Problem to solve >>
Everything in the records below except the pictures must be written out exactly.

Data for this exercise >>
::::::

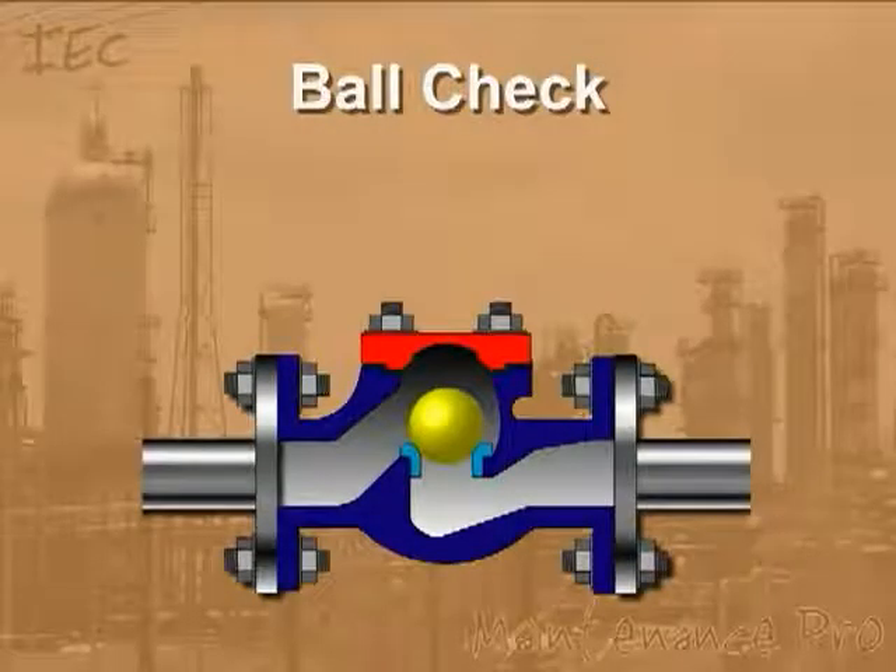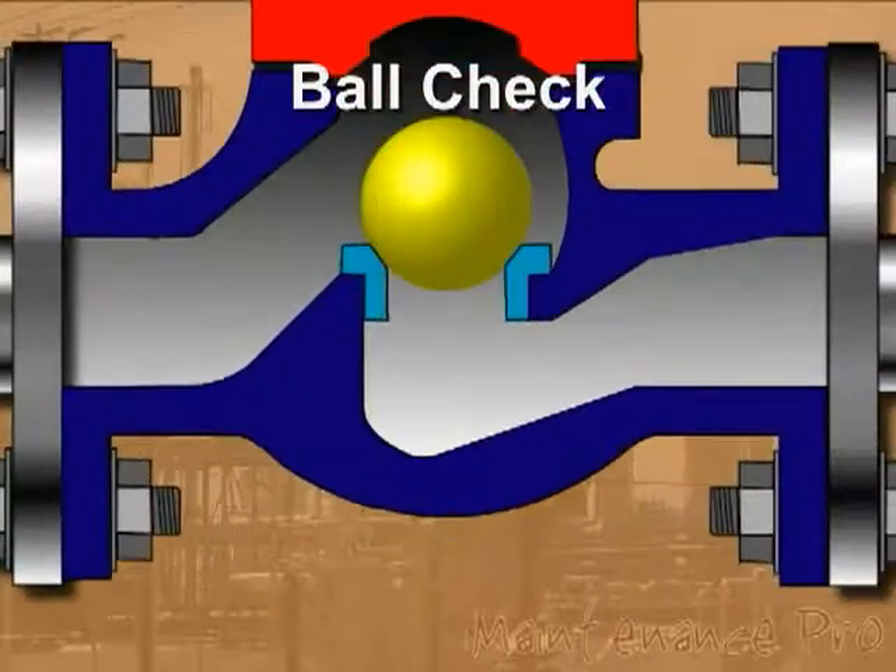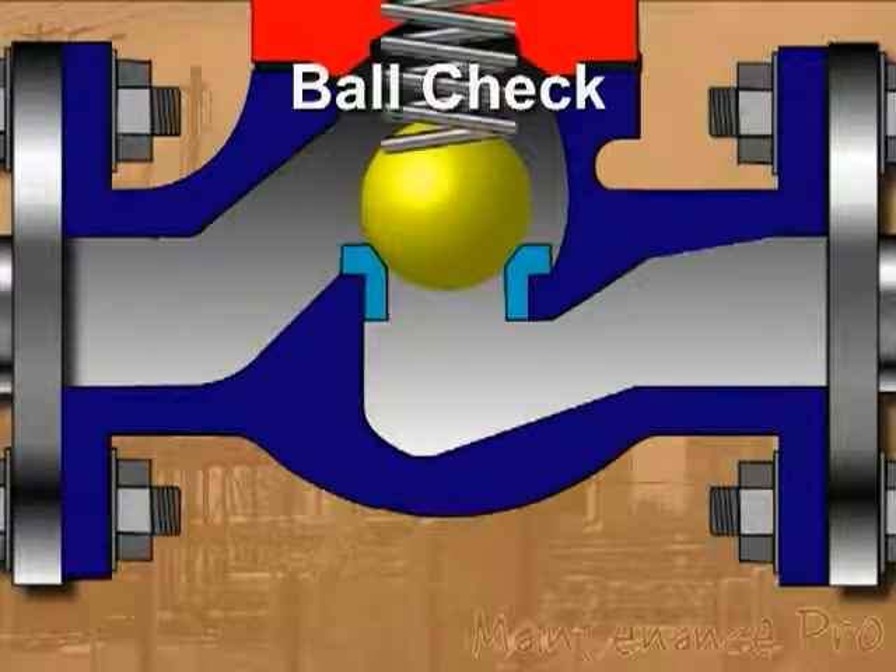A ball check valve is a check valve in which the disc, the movable part to block the flow, is a spherical ball. In many ball check valves, the ball is spring loaded to stay shut, but many do not have springs inside.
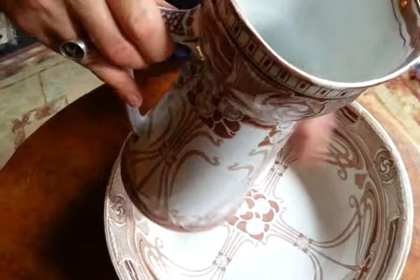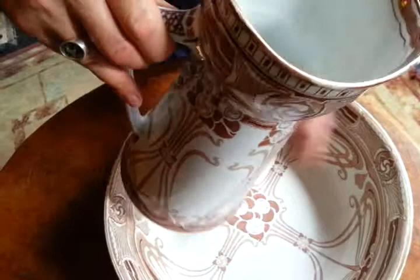Beautiful Art Nouveau. No chips that I can see. Decent condition — needs to be thoroughly cleaned. And apart from the star crack, it's in pretty good condition for its age. Around 1900, I would think. Spectacular Royal Doulton Art Nouveau Ewer and Basin. Thanks so much. Bye.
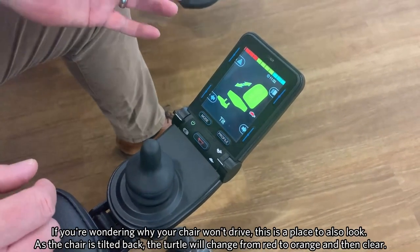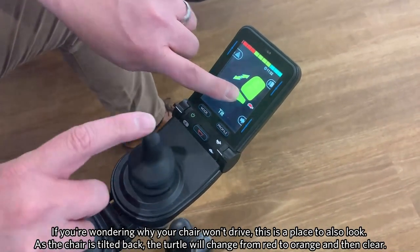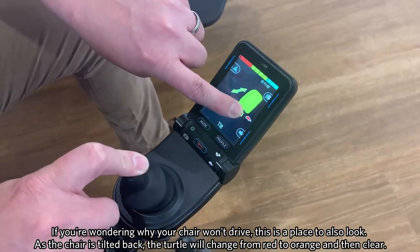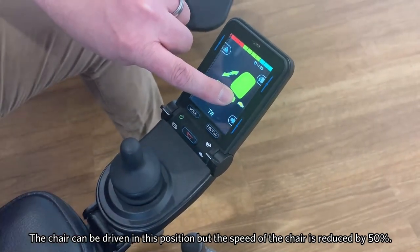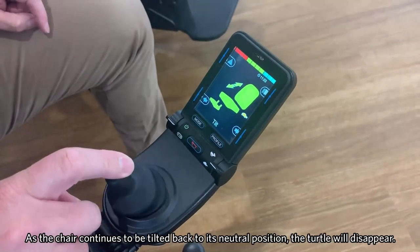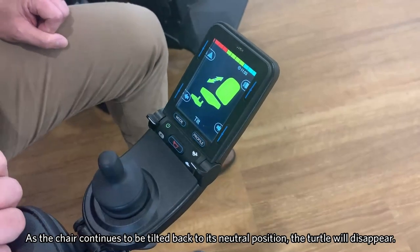So if you're wondering why your chair won't drive for a particular reason, this is a place to also look. But as I tilt the chair back, you'll see that turtle go from red to orange and then it will clear. We can drive in this position — it just means that the speed of the chair has been reduced by 50 percent. And then as I pull back on the joystick and get back to that neutral position, you'll see that turtle disappear.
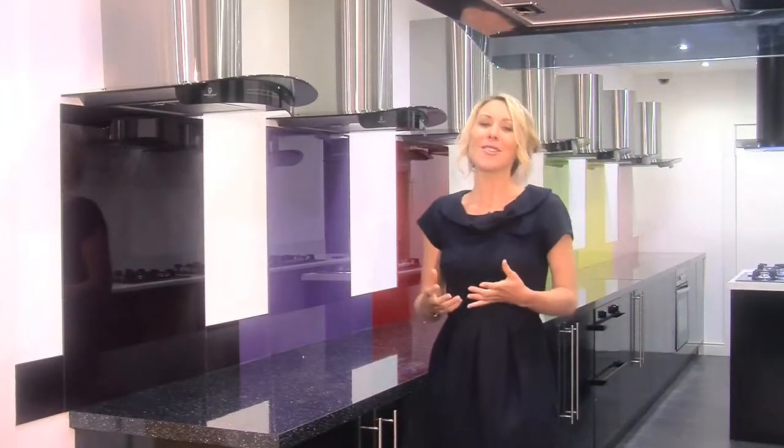So there's bound to be something that fits both your taste and your kitchen. And to get a better feel of how cool these splashbacks look, why not come and see us in our Lancashire showroom.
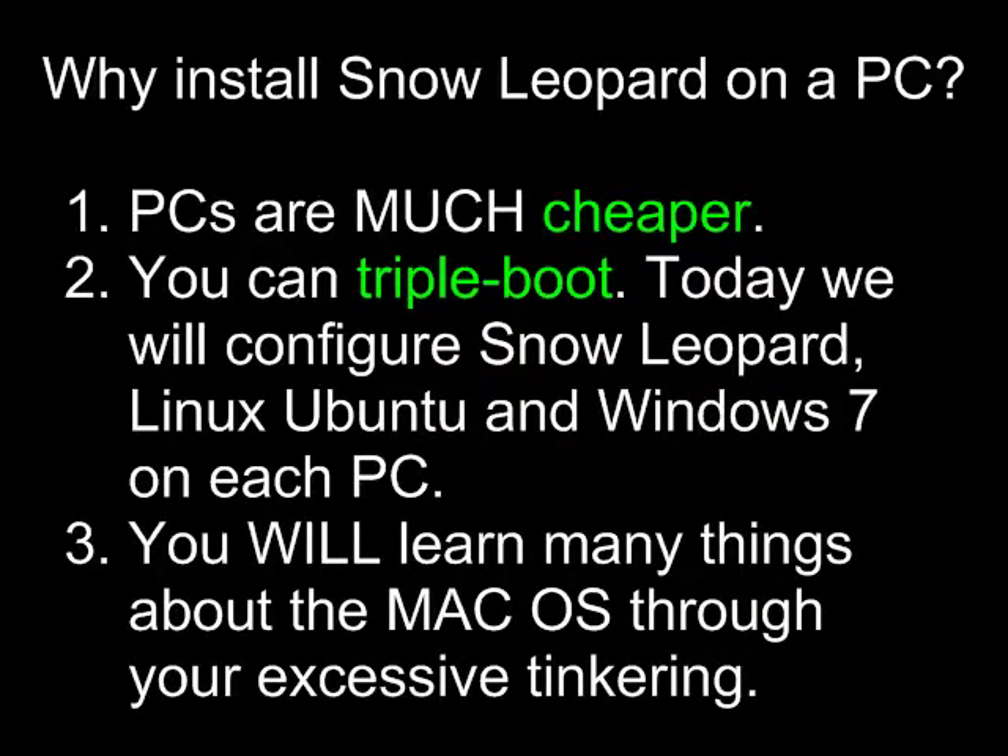Before we get started today, you might be saying, why install Snow Leopard on a PC? Well, there are several reasons. One, PCs are much cheaper. Also, if you have an old PC, Leopard or Linux will run much faster on it than Windows. So it's kind of a way of recycling your older hardware.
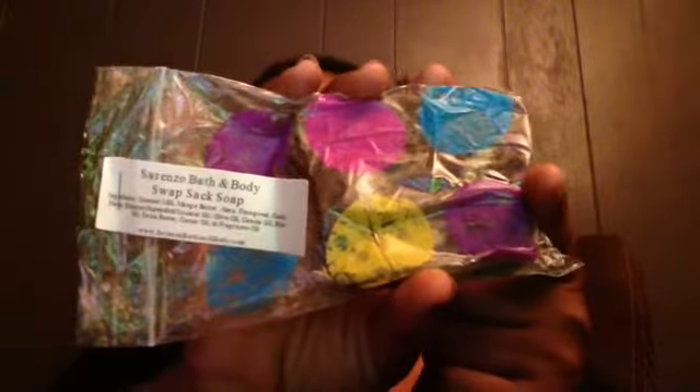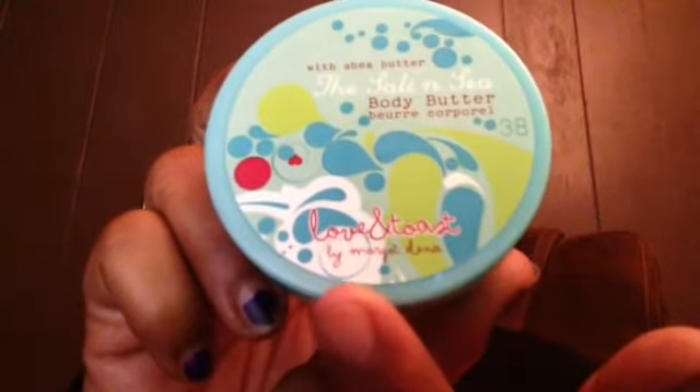That is the single swap sack. To recap: the swap sack soap by Serenzo Bath and Body, the sample of Pumpkin Pomade by Amazing Botanicals, the Salt and Sea Body Butter by Love and Toast by Margot Dina, the Shawnee Cosmetics nail polish in burnt orange, the Relax sanitizing towelette in lavender comb by Giovanni, and the Giovanni Magnetic Energizing Shampoo. I'll leave the information below and I'll see you in the next unboxing.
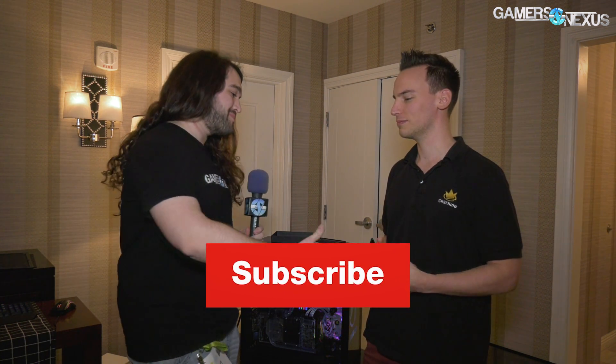For more information, links in the description below. We will have one of these to test, so we can do some direct die cooling tests versus our original delids. Thank you as always for joining me. Thank you, man. We'll see you all next time.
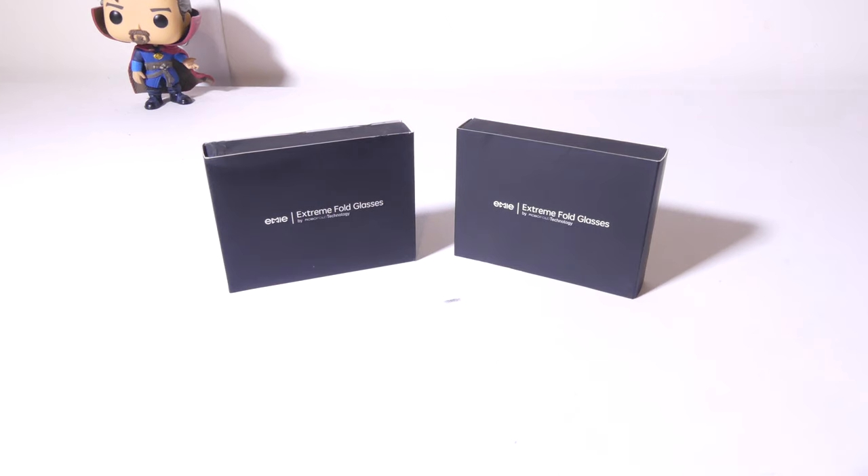Hey everybody, it's LucoVert, Galaxy Tech Review, and today I've got a product from EMI. These are the EMI Extreme Fold Glasses. They come in two variations: either sunglasses or clear lens glasses.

::::::

Answer space >>
A ball check valve is a check valve in which the disc, the movable part to block the flow, is a spherical ball. In many ball check valves, the ball is spring loaded to stay shut, but many do not have springs inside.
Beautiful Art Nouveau. No chips that I can see. Decent condition — needs to be thoroughly cleaned. And apart from the star crack, it's in pretty good condition for its age. Around 1900, I would think. Spectacular Royal Doulton Art Nouveau Ewer and Basin. Thanks so much. Bye.
So if you're wondering why your chair won't drive for a particular reason, this is a place to also look. But as I tilt the chair back, you'll see that turtle go from red to orange and then it will clear. We can drive in this position — it just means that the speed of the chair has been reduced by 50 percent. And then as I pull back on the joystick and get back to that neutral position, you'll see that turtle disappear.
So there's bound to be something that fits both your taste and your kitchen. And to get a better feel of how cool these splashbacks look, why not come and see us in our Lancashire showroom.
Before we get started today, you might be saying, why install Snow Leopard on a PC? Well, there are several reasons. One, PCs are much cheaper. Also, if you have an old PC, Leopard or Linux will run much faster on it than Windows. So it's kind of a way of recycling your older hardware.
That is the single swap sack. To recap: the swap sack soap by Serenzo Bath and Body, the sample of Pumpkin Pomade by Amazing Botanicals, the Salt and Sea Body Butter by Love and Toast by Margot Dina, the Shawnee Cosmetics nail polish in burnt orange, the Relax sanitizing towelette in lavender comb by Giovanni, and the Giovanni Magnetic Energizing Shampoo. I'll leave the information below and I'll see you in the next unboxing.
For more information, links in the description below. We will have one of these to test, so we can do some direct die cooling tests versus our original delids. Thank you as always for joining me. Thank you, man. We'll see you all next time.
Hey everybody, it's LucoVert, Galaxy Tech Review, and today I've got a product from EMI. These are the EMI Extreme Fold Glasses. They come in two variations: either sunglasses or clear lens glasses.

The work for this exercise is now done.